▶ DATA FOR THE TASK

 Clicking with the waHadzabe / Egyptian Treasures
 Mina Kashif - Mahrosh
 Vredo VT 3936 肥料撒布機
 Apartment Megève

---

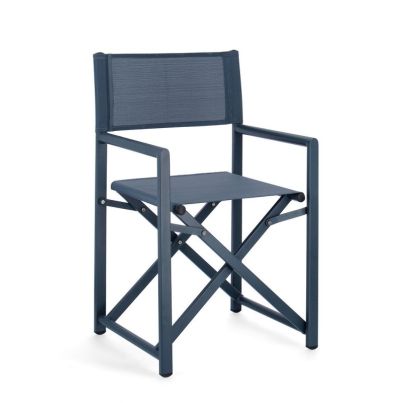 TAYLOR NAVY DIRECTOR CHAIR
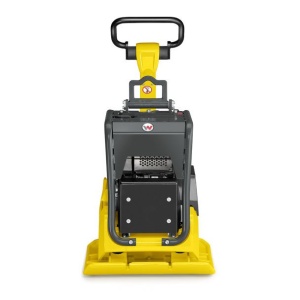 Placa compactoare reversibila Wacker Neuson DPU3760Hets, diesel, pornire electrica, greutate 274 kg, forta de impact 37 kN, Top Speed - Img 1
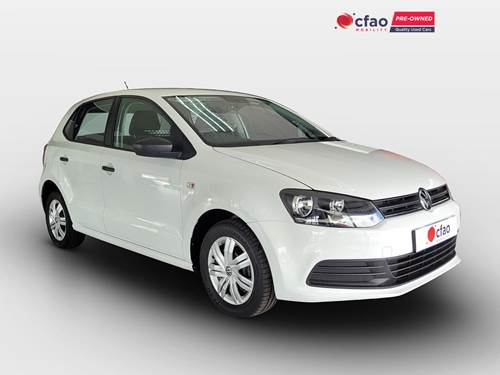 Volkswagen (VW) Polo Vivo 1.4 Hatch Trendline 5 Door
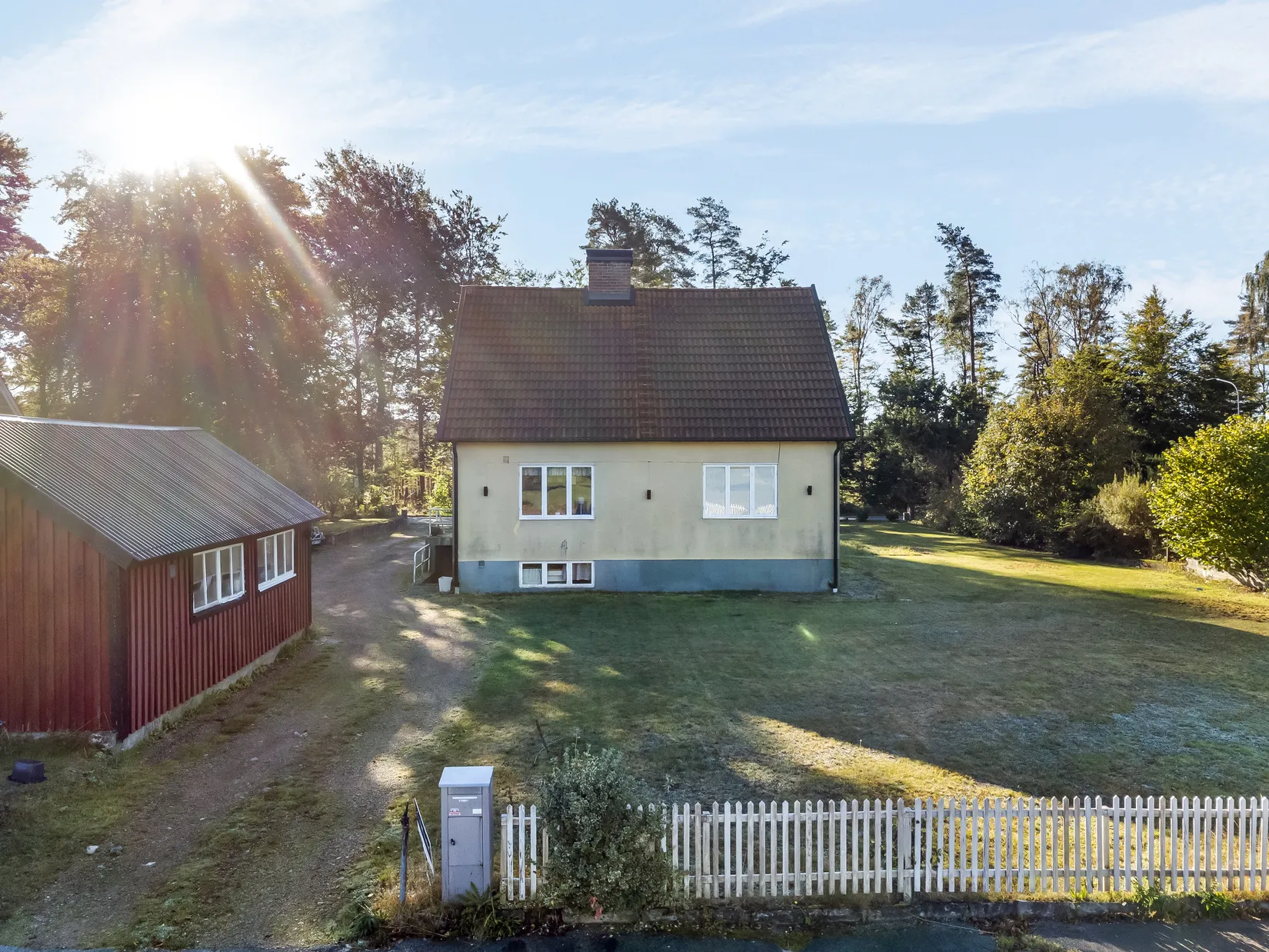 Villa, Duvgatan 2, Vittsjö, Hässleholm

▶ WHAT THE TASK ASKS
Reproduce verbatim only the segment of the listing bounded by the line containing "Clicking with the" and the line containing "Apartment Megève", with both boundary lines included.

▶ EXPECTED ANSWER
 Clicking with the waHadzabe / Egyptian Treasures
 Mina Kashif - Mahrosh
 Vredo VT 3936 肥料撒布機
 Apartment Megève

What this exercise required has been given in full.